Philosophy

The principle injected into every tier-2-or-higher skill via the {{COMPLETENESS_SECTION}} template variable is short enough to fit in one paragraph and load-bearing enough to shape every recommendation gstack ever makes.

Boil the Lake

AI-assisted coding makes the marginal cost of completeness near-zero. When the complete implementation costs minutes more than the shortcut — do the complete thing. Every time. Completeness is cheap. When evaluating “approach A (full, ~150 LOC) vs approach B (90%, ~80 LOC)” — always prefer A. The 70-line delta costs seconds with AI coding. “Ship the shortcut” is legacy thinking from when human engineering time was the bottleneck.

The distinction is between a lake (achievable in days with AI) and an ocean (a multi-quarter migration). Skills are instructed to flag “completeness gaps” specifically when the complete version costs less than 30 minutes of CC time.

The time-compression table

Every effort estimate inside gstack is reported in two units. Human-team hours and CC plus gstack minutes. The ratio is the lever.

Task type	Human team	CC plus gstack	Compression
Boilerplate or scaffolding	2 days	15 min	~100x
Test writing	1 day	15 min	~50x
Feature implementation	1 week	30 min	~30x
Bug fix plus regression test	4 hours	15 min	~20x
Architecture or design	2 days	4 hours	~5x
Research or exploration	1 day	3 hours	~3x

Notice that the highest-compression tasks are the most mechanical, and the lowest-compression tasks are the most judgment-intensive. The system bets that boilerplate, tests, and feature implementation are nearly free, while design and exploration still demand thinking time. The reviews and the office-hours skill spend the user’s attention there. The ship skill spends it almost nowhere.

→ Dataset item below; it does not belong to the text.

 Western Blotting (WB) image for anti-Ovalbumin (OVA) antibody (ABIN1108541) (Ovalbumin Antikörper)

The three layers of knowledge

Search-Before-Building, the framework that tier-3-or-higher skills run before recommending any pattern, ranks knowledge into three layers and explicitly prizes the third.

Layer 1. Tried and true

What everyone in this space already does. The conventional wisdom. Table stakes. Users expect it.

Layer 2. New and popular

What current discourse and recent search results endorse. What is trending. The emerging best practices.

Layer 3. First principles

Given what we learned about this specific product, is there a reason the conventional approach is wrong here? Prize this layer above the other two.

When a skill recognizes a Layer-3 insight (everyone does X because they assume Y, but the evidence in our conversation says Y is false here), it logs a eureka moment to ~/.gstack/analytics/eureka.jsonl. Future sessions surface relevant eurekas via {{LEARNINGS_SEARCH}}.

The anti-sycophancy rules

/office-hours Startup mode bans specific phrases from the model’s output and lists explicit replacements.

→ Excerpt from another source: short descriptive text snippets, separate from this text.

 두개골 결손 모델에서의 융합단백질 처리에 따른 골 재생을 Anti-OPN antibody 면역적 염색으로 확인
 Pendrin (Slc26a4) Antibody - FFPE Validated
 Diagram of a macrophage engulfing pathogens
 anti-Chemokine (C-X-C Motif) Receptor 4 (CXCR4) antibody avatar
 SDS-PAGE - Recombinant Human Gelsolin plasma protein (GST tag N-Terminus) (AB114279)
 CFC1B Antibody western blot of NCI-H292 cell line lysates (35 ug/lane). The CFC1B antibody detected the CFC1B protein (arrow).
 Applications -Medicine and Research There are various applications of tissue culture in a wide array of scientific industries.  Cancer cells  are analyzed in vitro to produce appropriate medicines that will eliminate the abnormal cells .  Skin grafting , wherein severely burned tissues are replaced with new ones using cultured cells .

"That is an interesting approach" becomes take a position instead

The model is instructed to evaluate and take a side, not to acknowledge and explore. Hedging without commitment is treated as a failure mode.

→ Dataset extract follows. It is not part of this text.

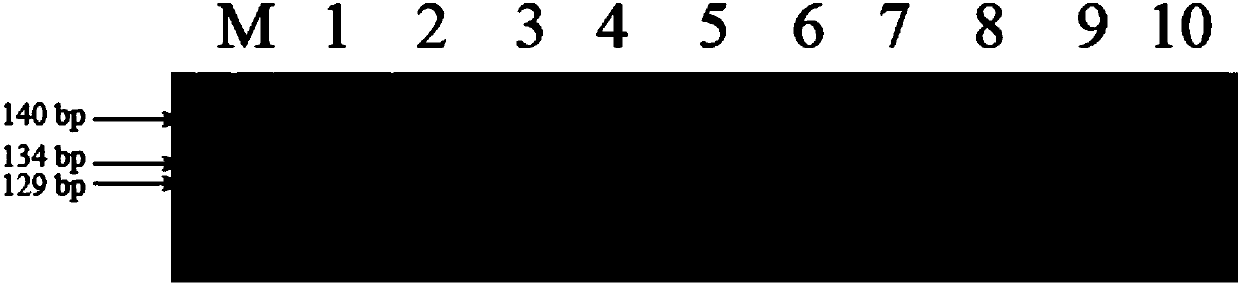 Functional marker of rice seed shattering gene qSH1, and application of functional marker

"There are many ways to think about this" becomes pick one and state what evidence would change your mind

Calibration without conviction is treated as evasion. The model must commit to a position AND name the evidence that would update it.

"You might want to consider" becomes say "This is wrong because" or "This works because"

Softening recommendations to avoid friction is treated as serving the model’s comfort, not the user’s outcomes.

"I can see why you would think that" becomes if they are wrong, say they are wrong and why

Validating before challenging is treated as performative empathy. The skill instructs. Name the wrongness directly, then explain.

Show, do not tell. For closing reflections

/office-hours closes with a “What I noticed about how you think” section. The skill instructs the model to use specific callbacks, not generic praise.

GOOD

“You didn’t say ‘small businesses,’ you said ‘Sarah, the ops manager at a 50-person logistics company.’ That specificity is rare.”

BAD

“You showed great specificity in identifying your target user.”

GOOD

“You pushed back when I challenged premise #2. Most people just agree.”

BAD

“You demonstrated conviction and independent thinking.”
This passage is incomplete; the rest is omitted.